Next, we evaluate your “relevant competitive set.” That first word in the phrase is vital because not all of the competition that immediately springs to mind in your industry segment may apply to your audience. (We learn which ones do with our JTBD lens.) By looking at your competitors and what they’re doing well — and not so well in competition with you and other brands, we can see where you “sit.”

3: Your Customers

While our JTBD point of view illuminates the “product hiring” activity of your customers (that is, what brand are they hiring to solve a particular problem they have?), this specific slice of the 4-Way looks at them in a more traditional demographic way: which roles at which companies are “hiring” other brands, who are their peers, what is their educational and work backgrounds for context, etc. When we blend it all, we accurately picture who engages with you and why.

4: Your Industry

The last quadrant is a survey of what’s going on in your industry, politics, geographical area, and economics that affect your business. It’s the “weather report” for your marketing because it affects everyone, including competitors and customers.

All Together Now

When all 4 of those areas are distilled, they provide a clear picture of Your Place in the World. (Does that make it a 5-Way?). For the strategy to offer up a direction for you to go, we first must understand precisely where you are. Here in the center of our 4-way intersection, we know.

Jobs-To-Be What?

Now it’s time to understand where your customers are.

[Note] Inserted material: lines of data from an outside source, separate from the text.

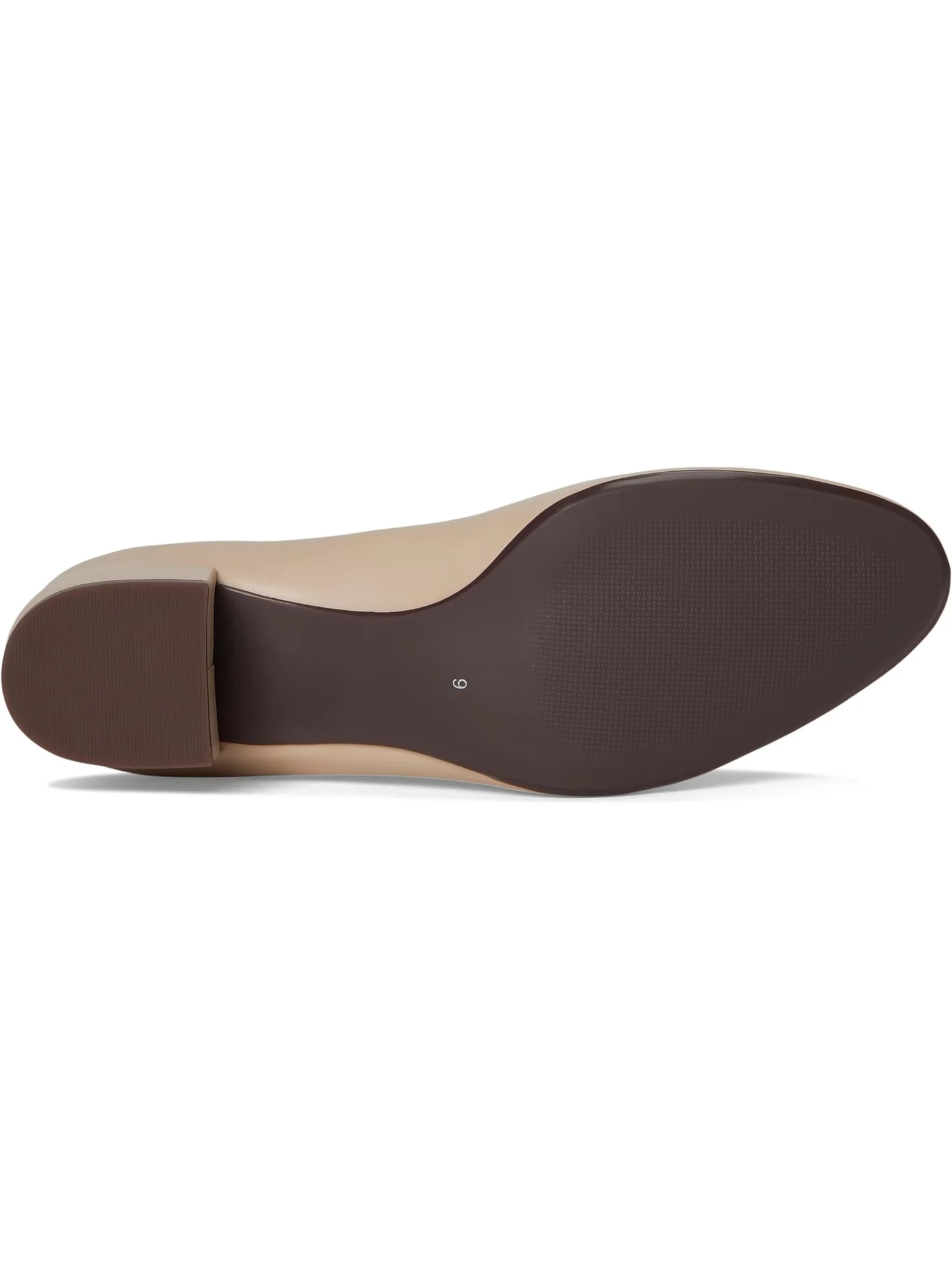Туфли Marc Joseph New York Broad St 2.0 — изображение 3 из 7, нудный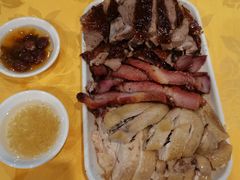 -老字号蛇口德记烧腊饭店·海鲜加工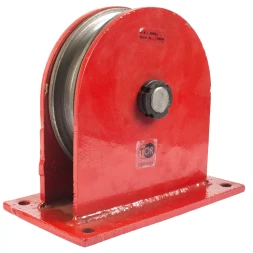 Блок монтажный опорный TOR 5,0 т (G) 11555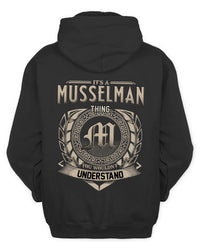 Unisex Hoodie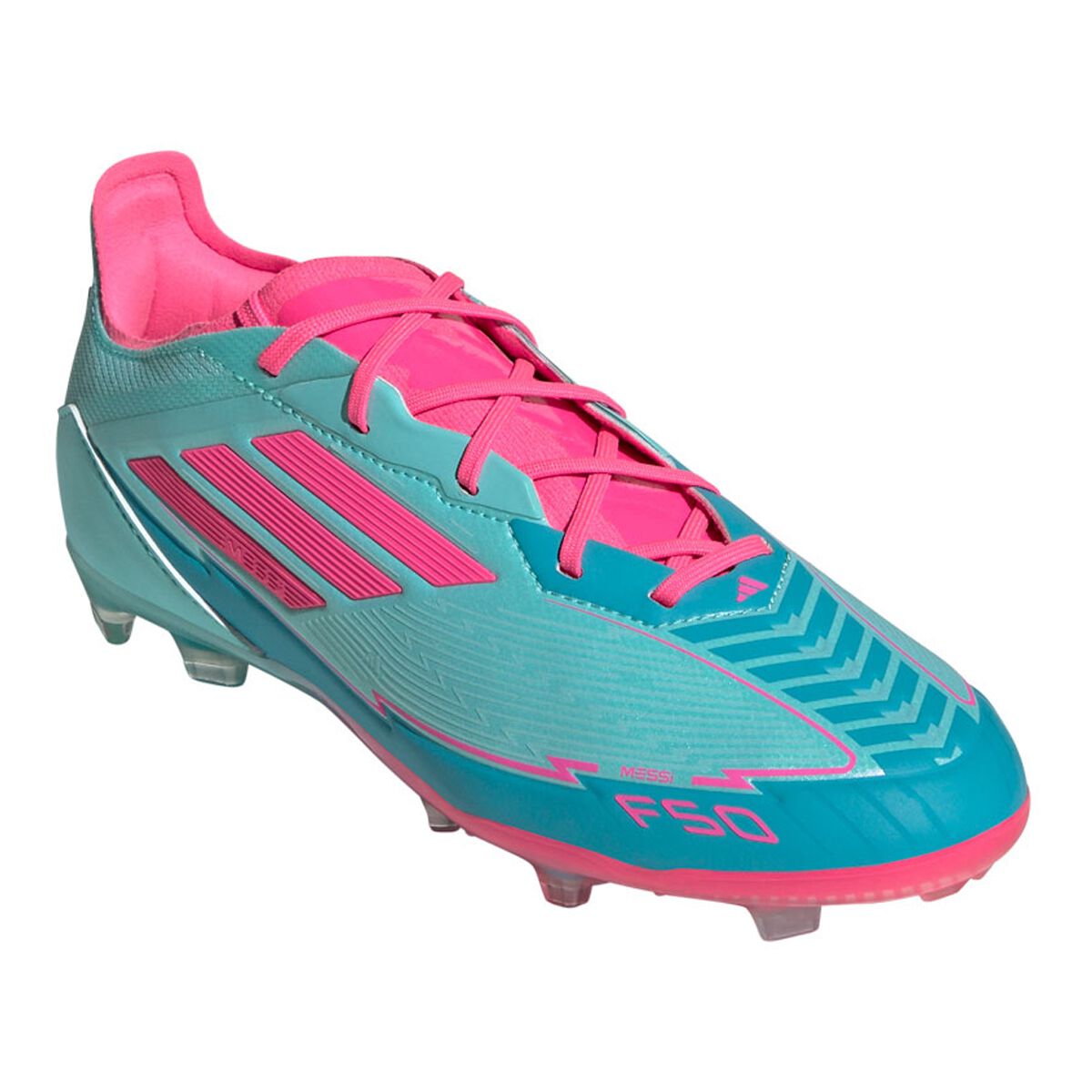 adidas F50 Elite Messi FG Kids Football Boots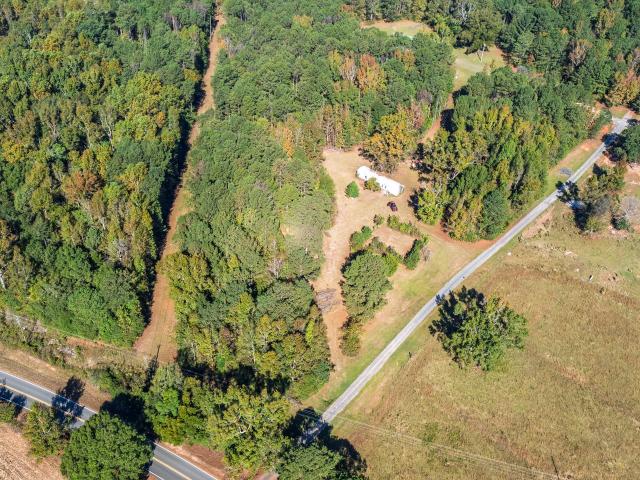 Land for sale in Harris City, Warm Springs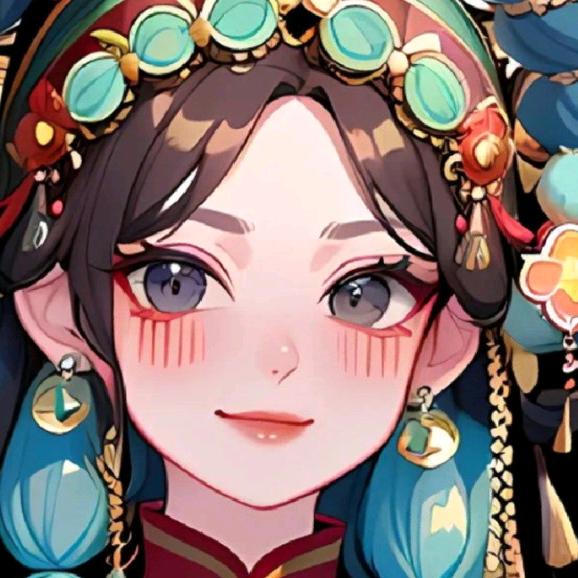🌈ORION_禾川Kawa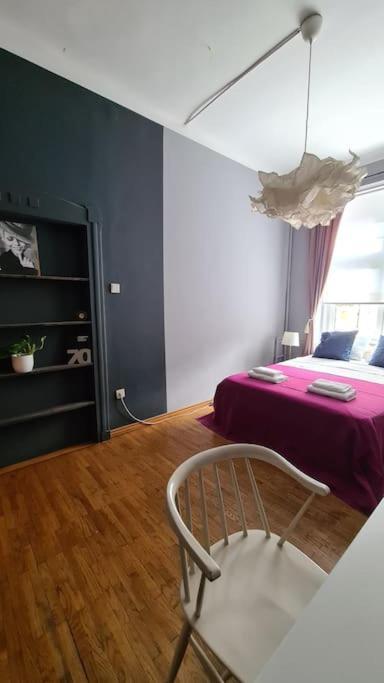 Your Royal 2 Bedroom City Center Stay بلغراد المظهر الخارجي الصورة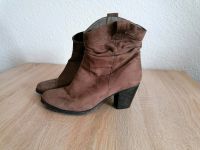 Ankle Boots zu verkaufen Baden-Württemberg - Remshalden Vorschau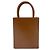 Borsa Tote 2-Way Loewe Standard A5 Marrone - vista 3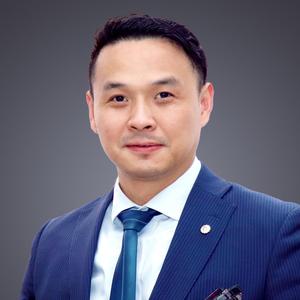 黄刚头像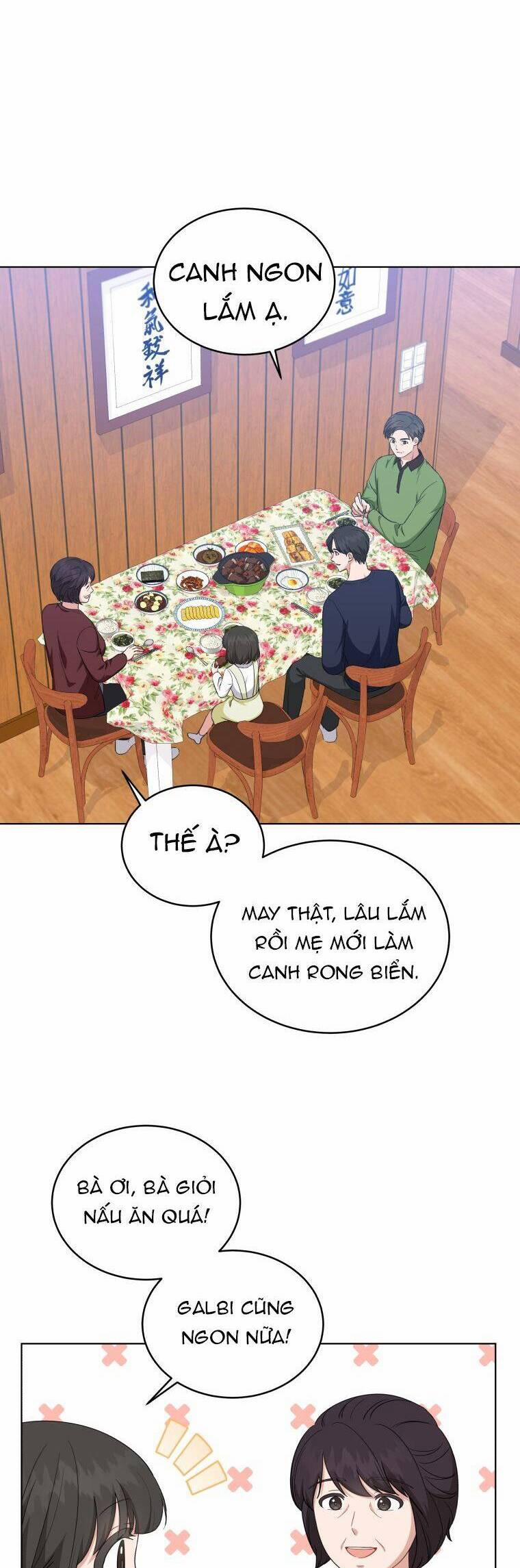 Con Gái Tôi Là Một Thiên Tài Âm Nhạc 72 trang 23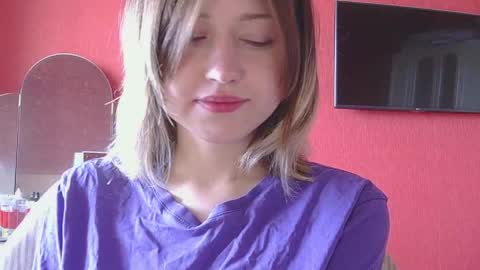 belovedmary online show from May 17, 5:27 am
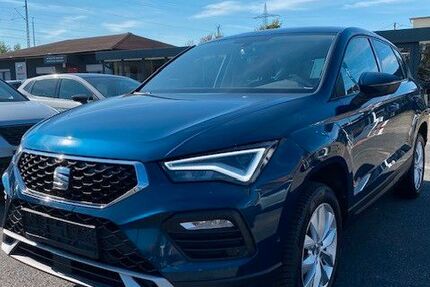 Seat Ateca 86.000 km 21.800 € Köln 50677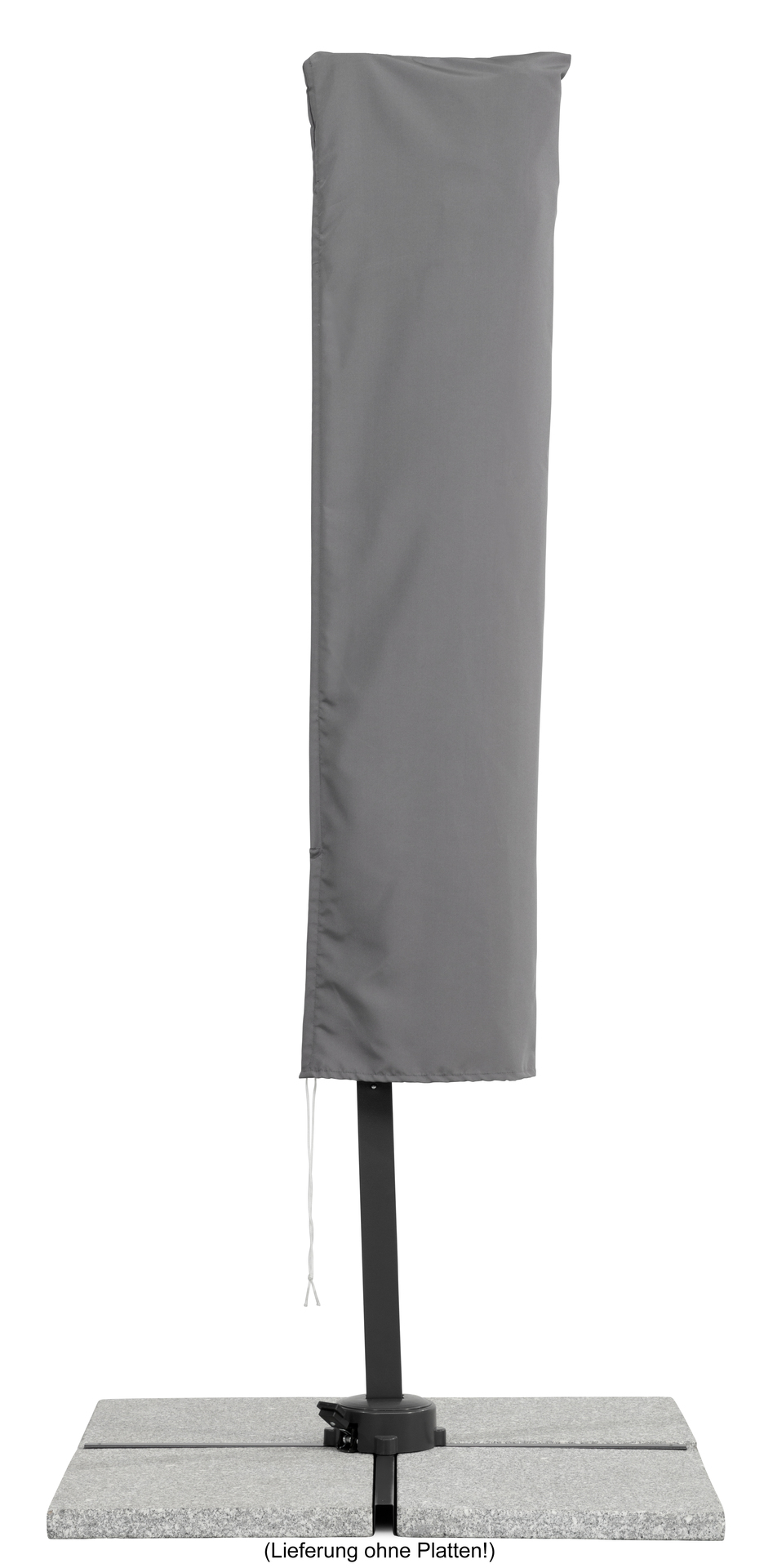 Ampelschirm Rhodos Junior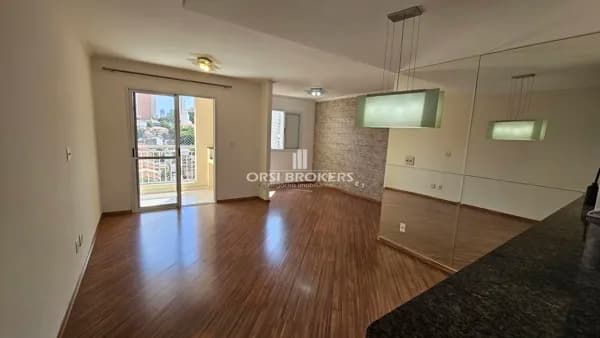Apartamento 78m² - PRIME RESIDENCE JAGUARÉ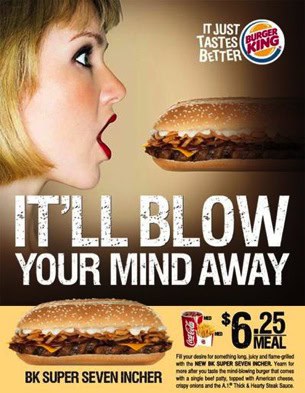 photo courtesy | poppysmicc.wordpress.comAn example of how sexual references are used in everyday
advertisements, media, television , music and movies. 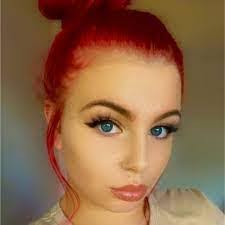 Lela Morton's Instagram, Twitter & Facebook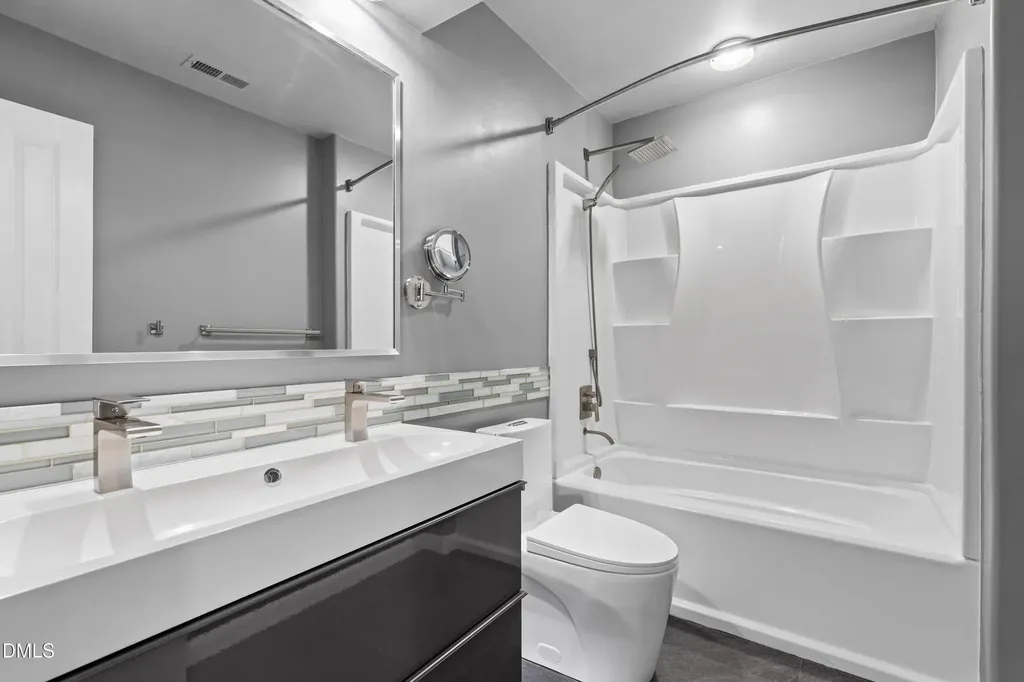 2617 Scarlet Sage Court Raleigh NC 27613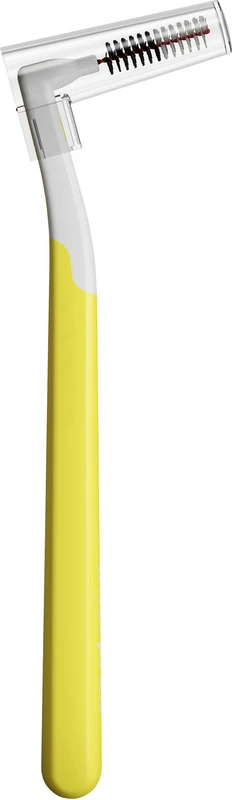 interprox® plus Box 100 Stück gelb, Ø 1,4 mm, mini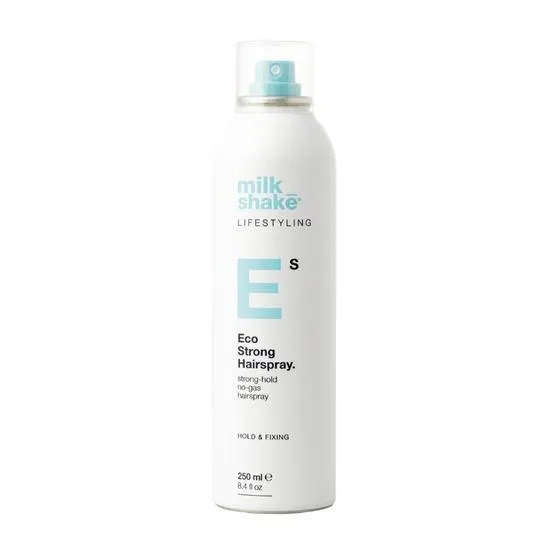 milk_shake Eco Strong Hairspray
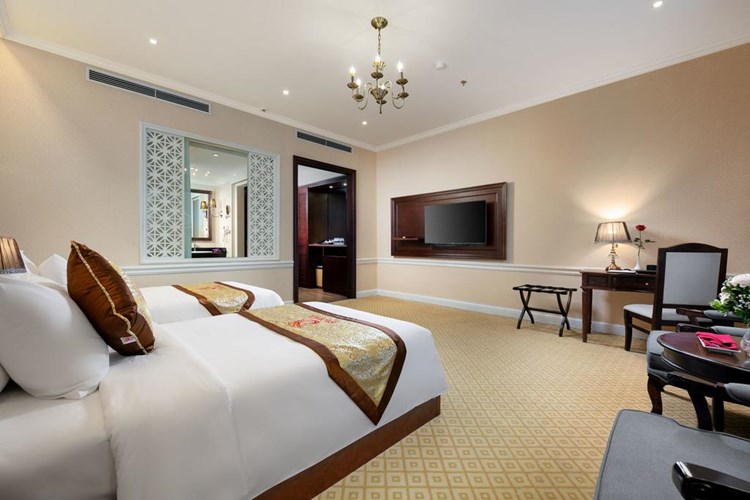 Phoenix Resort Bắc Ninh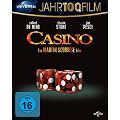 Casino - Jahr100Film [Blu-ray]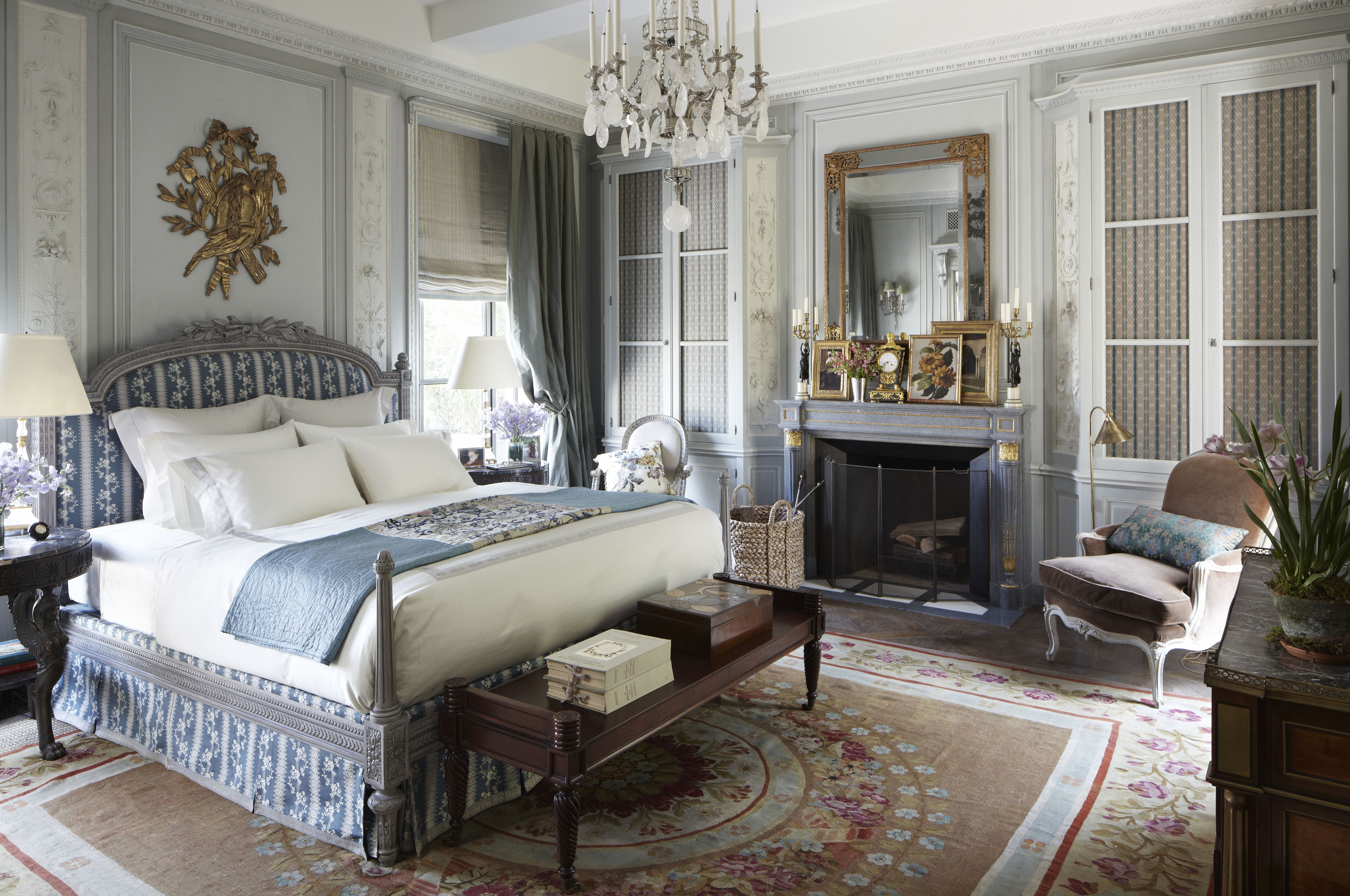 View of Upper East Side Penthouse
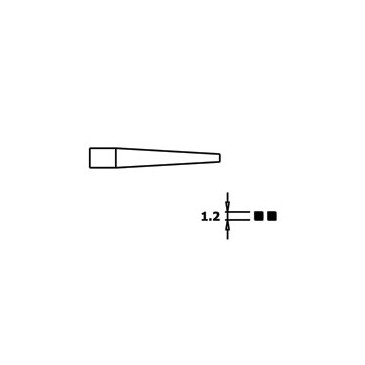 Målsatt tegning PN-2002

Jobs To Be Done is our companion strategic tool to understand essential customer behaviors.

The late Clayton Christensen of Harvard Business School authored a book entitled “Competing Against Luck,” where, among other ideas, he introduced the concept of Jobs To Be Done, a way of looking at how customers of all kinds “hire” products and services to complete jobs. He most famously used a case study from some of his associates of how McDonald’s benefitted from the approach to selling more milkshakes. It’s a fascinating story.

Instead of investing in making a better milkshake and then rolling that out to see how it sells, using this new view, you know what problem the customer is having and what they “hire” to solve it.

Clayton’s associates learned that morning commute boredom was the problem, and drive-through milkshakes were the self-selected solution. By implementing minor and ingenious tweaks to their existing product, sales rose a remarkable 30%. 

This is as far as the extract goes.